> _What the exercise asks_: Please write out exactly the lines from the one with "フィアット 500C ツインエアー ラウンジの中古車" through the end of the data below, both ends included, and omit any pictures.
[Records to use]
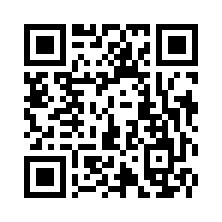 QR Code for 1Ds2pr9giKC78ZRVTNw442ncvARvw4xxcH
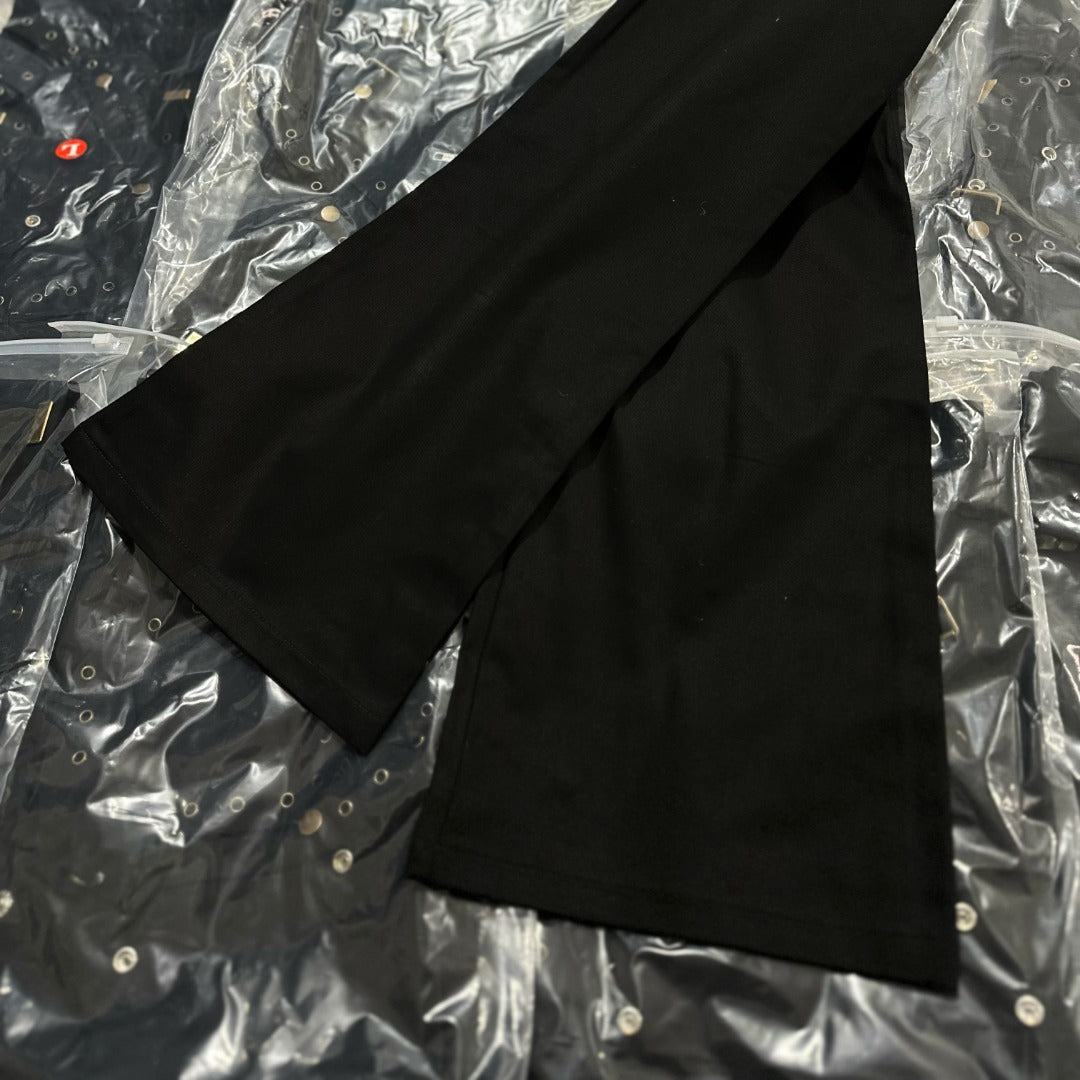 LuxluxHouse Best Quality Clothes Pants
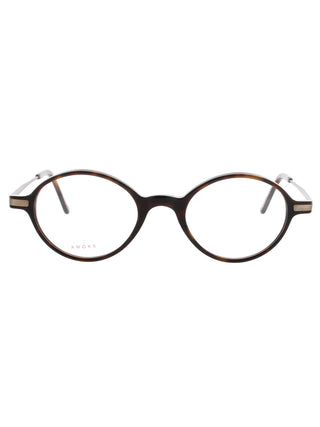 Andy Wolf 4551 Eyeglasses-Beverly Hills Eyewear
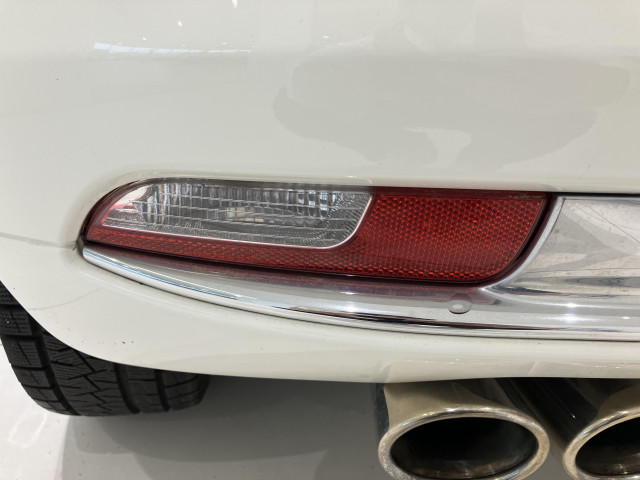 フィアット 500C ツインエアー ラウンジの中古車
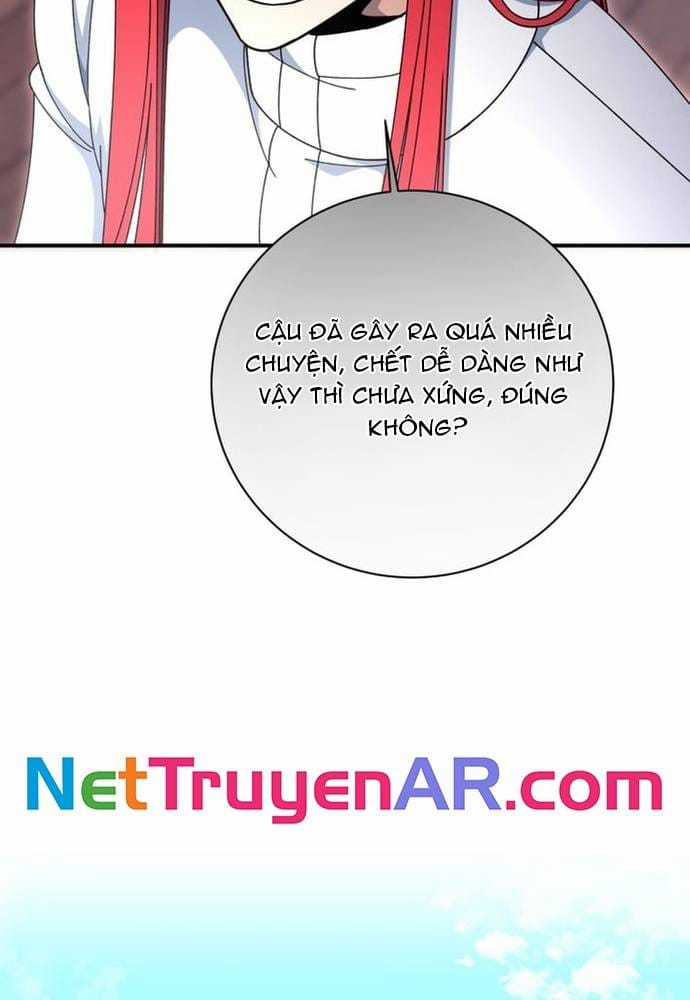 Winterbell - Chapter 54 - Trang 55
[/Records to use]
> _Task response_:
 フィアット 500C ツインエアー ラウンジの中古車
 Winterbell - Chapter 54 - Trang 55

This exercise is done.